Opened 12 years ago

Last modified 5 years ago

#3561 task new

deprecate microdom

Reported by: Jean-Paul Calderone Owned by:
Priority: normal Milestone:
Component: web Keywords:
Cc: Glyph Branch:
Author:

Description

In the olden days, there were lots of XML parsers, and they were bad. Now there's even more XML parsers, and they're not so bad. But microdom is still bad. Now it's probably worse than most other XML libraries. Plus, we're not going to fix the obvious bugs in it (eg #414). People shouldn't use it, so it should be deprecated.

twisted.web.html uses microdom, so it should also be deprecated probably (it's not an intensely useful module anyway). Anything else in Twisted which uses microdom (hopefully, not many things) should stop or also be deprecated (some things in domhelpers use it, for example).

Change History (16)

comment:1 Changed 12 years ago by Jean-Paul Calderone

Cc: Glyph added

Glyph suggested preserving the potentially still useful lenient parsing mode. We should take a look at other libraries for that to see if microdom is still the best. If it is, we can preserve it by offering a new API solely for that purpose that uses sux and some parts of microdom but which uses the DOM classes from minidom instead of the microdom DOM classes.

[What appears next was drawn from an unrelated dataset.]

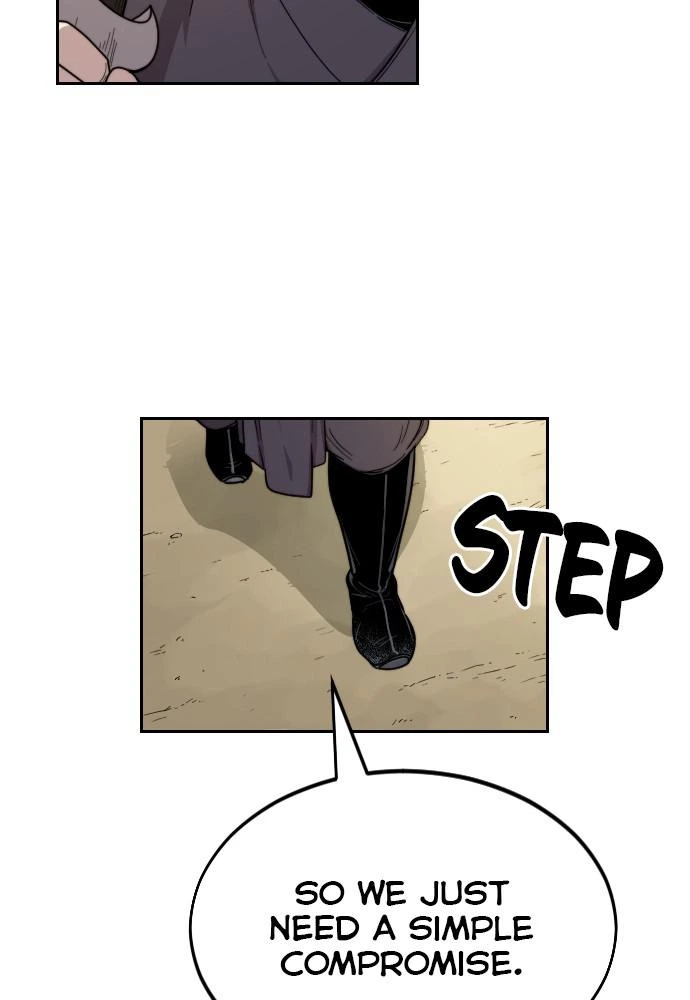 Return of the Blossoming Blade Chapter 12 — page 82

One other library for this is tidy. Glyph, do you know of any examples where tidy falls over but microdom does alright?

comment:2 Changed 12 years ago by Glyph

Tidy does something slightly different.

Consider the example on the site for the Python bindings to libtidy, utidylib. It doesn't just leniently parse some XML and give you a DOM structure: it parses it and reformats it as a valid HTML document (string), complete with doctype. If you want a DOM, you have to parse it again anyway.

Microdom's extremely lenient parsing mode can be useful for parsing other kinds of ill-formed or mangled XML documents, or inspecting almost-but-not-quite valid XHTML without completely rewriting it.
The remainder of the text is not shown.